The big key to this is the fact that RFID can automatically and wirelessly identify, locate, track, and trace inventory, assets, components, finished goods, and shipments. This means it offers huge advantages over manual, barcode-based, and paper-based data capture, tracking and process management.
As a result, you can use RFID to automate, optimize, and save labor and cost in a wide array of applications, workflows, and supply chain operations.
In this quick article, we’ll explore seven ways that companies in different industries are using RFID to make huge gains in efficiency, productivity, supply chain visibility, and quality control. And we’ll start by reviewing the key advantages that RFID offers, and why this technology is taking over the world in a hurry.
Key Advantages of RFID
RFID Doesn’t Need Line-of-Sight
When you use RFID to tag and track your inventory, components, finished goods, shipments or other assets, you don’t need line-of-sight access to a barcode label. RFID tags are read, identified, and located wirelessly and remotely, using radio waves and tiny microtransmitters embedded in each tag or label. RFID tags are read anytime they’re within range of an RFID reader, so they can be read even when they’re hidden within a pallet or package.
RFID Is Much Faster
RFID systems can capture data from hundreds of tags, all at once, so you can identify, quantify and locate thousands of items in minutes. With fixed-position RFID readers placed at dock doors, in warehouse aisles, on production lines, or at other key checkpoints, you can create an entirely automated system that saves even more time and effort.
RFID Doesn’t Just Identify Items. It Locates Them
RFID doesn’t just identify and quantify items: it locates them to within an accuracy of a few feet, using RFID readers and antennas. This adds an entirely new dimension to tracking, traceability and visibility, allowing you to instantly know the current or last-known location of virtually anything that’s moving through your supply chain or is current at rest.
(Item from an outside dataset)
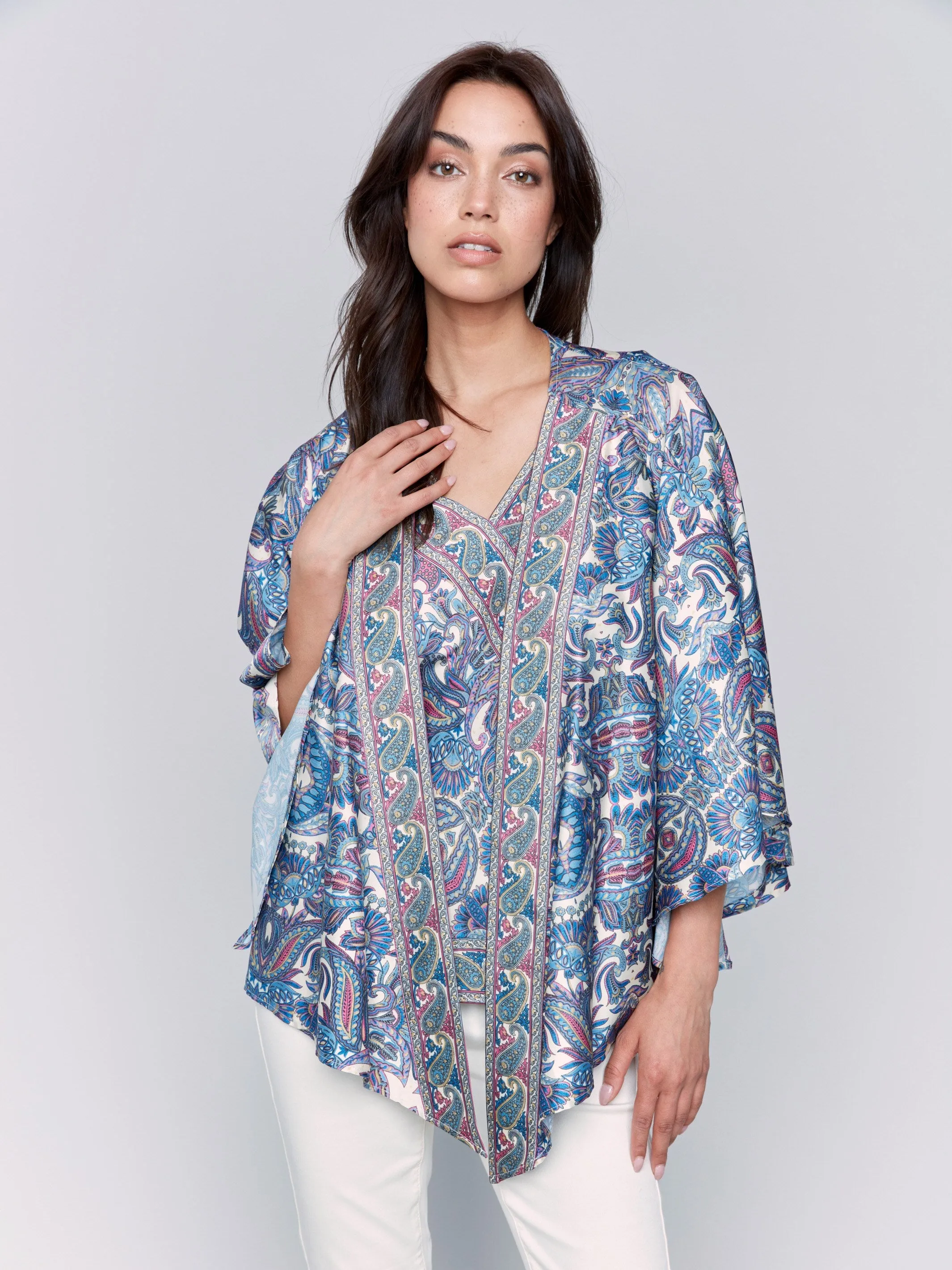Printed Satin Kimono - Cashmere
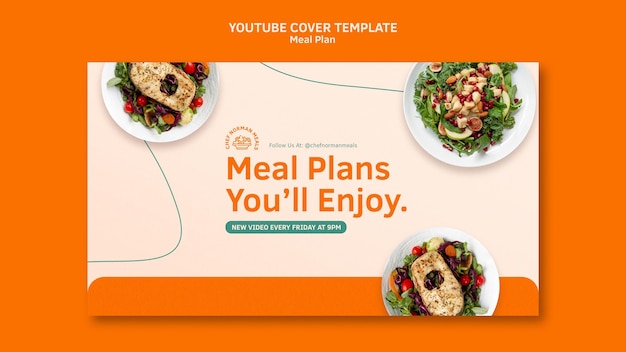 PSD gratuito planes de comidas portada de youtube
How Companies Are Using RFID
At Vantage ID, we’ve been helping companies deploy and integrate RFID technologies in their operations for well over a decade, and across numerous industries, seven key use cases have emerged as the primary applications.
1. Inventory Management
A recent study by Zebra Technologies, one of our partners in providing RFID solutions, found that 35% of warehouse operations plan to invest in RFID by 2024. The big reason is that RFID helps automate and error-proof inventory management, allowing warehouses to improve their inventory accuracy from the industry-standard of 65% to 95% or better.
Since RFID relies on a fully digital and machine-automate process, using wireless radio signals and ID chips embedded in each RFID tag to uniquely identify and track each item, it’s almost entirely error-proof. There’s virtually no risk of human error due to a missed barcode scan, more manual processes, or paper-based inventory management.
Also, since RFID allows large volumes of tagged inventory items, pallets or cases to be tracked wirelessly and remotely, with far less labor or potentially no labor at all, it offers huge cost and labor savings. In some cases, we’ve had customers hit 99% or better inventory accuracy while slashing their manual labor requirements and costs by double-digit percentages.
2. Asset Management
Wherever high-value assets and equipment need to be tracked, located, service and maintained, RFID is proven to be a huge advantage for better asset management too.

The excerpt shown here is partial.